On Thu, 17 Jul 2008 13:17:42 +0100, Sleepalot wrote:

I was thinking about the greenhouse effect, and this question
occured to me: in the space around me, what's more common,
atoms or photons?

Answer: atoms.

All we need here are rough numbers - an order of magnitude or two is
close enough.
The space around you is a box roughly 2m x 1m x1, =2m3.
As has been stated 1 mole (6e23) of air weighs about 30g, and we
know that 1m3 of air weighs about 1000g, so the space around you
contains ~ 60 moles of air, or 6e23 * 60 approx 4e25 molecules.

My astro camera (to keep it on topic) has a sensitive area of about
6mm x 6mm or 4e-6 m2. It has a well-depth of about 40,000 photons
and a QE of about 0.5 and contains 1million pixels, so each pixel
has an area of 4e-6 / 1e6 ~ 4e-12m2.
During daytime, I'd guess the sensor gets saturated in about 1mSec
So the photon flux is 4e4 photons per pixel in 1e-3 sec, or 4e7
photons per second, but double this for the 50% quantum efficiency
gives us 8e7 (call it 1e8 photons per pixel per second.)
Now multiply this by the number of pixels per square metre (1/4e-12)
gives us a flux of 2.5e19 photons per sq. metre per second.
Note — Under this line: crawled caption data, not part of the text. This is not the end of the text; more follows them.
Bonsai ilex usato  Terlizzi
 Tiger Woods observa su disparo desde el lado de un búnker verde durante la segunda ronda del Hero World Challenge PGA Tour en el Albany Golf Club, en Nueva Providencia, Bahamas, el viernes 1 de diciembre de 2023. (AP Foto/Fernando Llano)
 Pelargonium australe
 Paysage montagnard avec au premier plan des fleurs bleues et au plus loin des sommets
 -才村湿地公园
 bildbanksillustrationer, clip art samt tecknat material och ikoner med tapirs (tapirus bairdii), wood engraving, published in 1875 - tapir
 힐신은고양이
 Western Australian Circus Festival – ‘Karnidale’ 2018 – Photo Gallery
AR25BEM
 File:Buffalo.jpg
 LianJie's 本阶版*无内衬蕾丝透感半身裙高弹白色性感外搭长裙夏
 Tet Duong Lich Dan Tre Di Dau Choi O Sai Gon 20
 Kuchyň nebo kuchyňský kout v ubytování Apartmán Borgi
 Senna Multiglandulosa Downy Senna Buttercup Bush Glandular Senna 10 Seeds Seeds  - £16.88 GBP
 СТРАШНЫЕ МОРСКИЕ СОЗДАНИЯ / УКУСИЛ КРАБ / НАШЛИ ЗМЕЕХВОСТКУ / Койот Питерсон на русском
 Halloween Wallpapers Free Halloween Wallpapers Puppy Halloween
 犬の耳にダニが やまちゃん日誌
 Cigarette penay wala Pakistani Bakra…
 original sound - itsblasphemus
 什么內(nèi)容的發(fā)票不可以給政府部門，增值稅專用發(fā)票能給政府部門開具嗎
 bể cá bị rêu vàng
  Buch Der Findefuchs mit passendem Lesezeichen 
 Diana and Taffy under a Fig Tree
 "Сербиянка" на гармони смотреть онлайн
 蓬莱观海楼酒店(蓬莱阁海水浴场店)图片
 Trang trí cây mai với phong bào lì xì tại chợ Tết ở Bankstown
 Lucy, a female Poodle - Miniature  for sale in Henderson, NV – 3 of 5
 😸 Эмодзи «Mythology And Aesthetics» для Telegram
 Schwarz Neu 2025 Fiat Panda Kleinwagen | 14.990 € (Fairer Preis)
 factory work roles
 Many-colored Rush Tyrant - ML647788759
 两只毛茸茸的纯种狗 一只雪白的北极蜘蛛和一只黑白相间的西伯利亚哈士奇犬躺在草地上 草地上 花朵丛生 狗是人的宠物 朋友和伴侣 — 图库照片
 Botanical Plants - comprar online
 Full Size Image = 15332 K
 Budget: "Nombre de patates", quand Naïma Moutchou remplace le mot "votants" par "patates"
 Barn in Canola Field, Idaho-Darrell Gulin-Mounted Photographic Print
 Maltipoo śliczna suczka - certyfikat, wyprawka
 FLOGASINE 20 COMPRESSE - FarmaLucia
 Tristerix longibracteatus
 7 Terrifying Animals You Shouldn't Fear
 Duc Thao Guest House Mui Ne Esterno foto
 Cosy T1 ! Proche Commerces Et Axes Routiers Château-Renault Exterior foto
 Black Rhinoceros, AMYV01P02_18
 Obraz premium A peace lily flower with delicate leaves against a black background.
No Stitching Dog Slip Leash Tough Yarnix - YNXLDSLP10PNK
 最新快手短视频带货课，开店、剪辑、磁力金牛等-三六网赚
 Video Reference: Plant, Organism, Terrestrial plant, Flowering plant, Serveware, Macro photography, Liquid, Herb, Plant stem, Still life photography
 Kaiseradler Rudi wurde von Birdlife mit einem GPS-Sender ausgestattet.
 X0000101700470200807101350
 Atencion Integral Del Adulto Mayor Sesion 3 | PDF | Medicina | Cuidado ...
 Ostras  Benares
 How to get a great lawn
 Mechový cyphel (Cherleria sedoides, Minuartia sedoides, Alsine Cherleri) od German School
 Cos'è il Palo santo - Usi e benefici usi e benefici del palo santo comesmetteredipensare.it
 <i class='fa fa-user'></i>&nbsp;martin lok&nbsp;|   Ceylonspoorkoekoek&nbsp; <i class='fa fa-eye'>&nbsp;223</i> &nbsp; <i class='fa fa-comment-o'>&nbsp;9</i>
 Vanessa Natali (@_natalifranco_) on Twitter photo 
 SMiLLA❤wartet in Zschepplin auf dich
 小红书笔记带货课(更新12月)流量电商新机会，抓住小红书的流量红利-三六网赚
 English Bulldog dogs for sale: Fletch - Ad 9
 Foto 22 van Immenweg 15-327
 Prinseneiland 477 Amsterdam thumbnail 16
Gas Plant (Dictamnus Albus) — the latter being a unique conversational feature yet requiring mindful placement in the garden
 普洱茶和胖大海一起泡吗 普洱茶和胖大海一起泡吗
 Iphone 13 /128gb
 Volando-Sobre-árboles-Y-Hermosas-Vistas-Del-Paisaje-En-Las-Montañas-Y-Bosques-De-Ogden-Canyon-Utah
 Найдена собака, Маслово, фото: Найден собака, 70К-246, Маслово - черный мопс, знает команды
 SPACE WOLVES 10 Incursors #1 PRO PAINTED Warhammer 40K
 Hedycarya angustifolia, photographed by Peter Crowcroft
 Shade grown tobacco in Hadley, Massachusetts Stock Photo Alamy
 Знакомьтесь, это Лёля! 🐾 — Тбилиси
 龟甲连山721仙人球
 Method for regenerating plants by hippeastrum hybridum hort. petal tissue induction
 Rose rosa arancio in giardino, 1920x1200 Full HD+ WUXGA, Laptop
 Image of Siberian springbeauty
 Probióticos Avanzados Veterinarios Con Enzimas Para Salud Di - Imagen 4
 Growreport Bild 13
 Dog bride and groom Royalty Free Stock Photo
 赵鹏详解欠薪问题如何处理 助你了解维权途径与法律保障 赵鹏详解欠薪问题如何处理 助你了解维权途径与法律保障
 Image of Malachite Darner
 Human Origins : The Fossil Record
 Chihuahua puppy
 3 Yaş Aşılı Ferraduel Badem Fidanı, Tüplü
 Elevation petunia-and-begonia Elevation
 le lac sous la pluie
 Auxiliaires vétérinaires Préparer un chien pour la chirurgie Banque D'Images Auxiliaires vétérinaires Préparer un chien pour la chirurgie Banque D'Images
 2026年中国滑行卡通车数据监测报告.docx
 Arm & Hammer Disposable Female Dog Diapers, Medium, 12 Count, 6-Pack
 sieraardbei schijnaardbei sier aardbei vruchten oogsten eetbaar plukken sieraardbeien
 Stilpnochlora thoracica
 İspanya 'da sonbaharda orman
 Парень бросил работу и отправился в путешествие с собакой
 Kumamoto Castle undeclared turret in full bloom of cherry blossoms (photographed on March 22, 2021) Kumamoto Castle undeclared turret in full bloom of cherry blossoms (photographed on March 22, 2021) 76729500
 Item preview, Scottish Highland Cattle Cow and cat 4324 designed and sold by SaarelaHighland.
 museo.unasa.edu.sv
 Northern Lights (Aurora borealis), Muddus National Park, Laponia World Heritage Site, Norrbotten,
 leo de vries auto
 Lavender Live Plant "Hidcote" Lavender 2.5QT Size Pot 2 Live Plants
Assume all the photons come from above (it keeps the maths simple, but
the direction doesn't matter), then the number of photons in your 2m
high box is the flux multiplied by the time they take to travel
2metres - which is 2 / 3e8 = 7e-9 seconds. Multiply this by the flux
gives a result of 7e-9 * 2.5e19 is roughly 2e11 photons in your "box"
at any one time.
Let's double that to allow for all the non-visible photons and double it
again for the hell of it. The number of photons is still a long way
short of the number of molecules.
At night it's even less.


Hello Peter, thanks for the reply - which I'm pleased to
say I got the jist of. I liked your method - using your camera
as a photon counter.

So, we've got e11 photons in e25 molecules, and that's
1 photon in e14 molecules - it's amazingly low, but there'll
be another one along in an instant.

Right, so if I head off towards the Sun for about 100 miles
I'm going to run out of molecules in my 2m3 while retaining
a broadly comparable photon density, yes?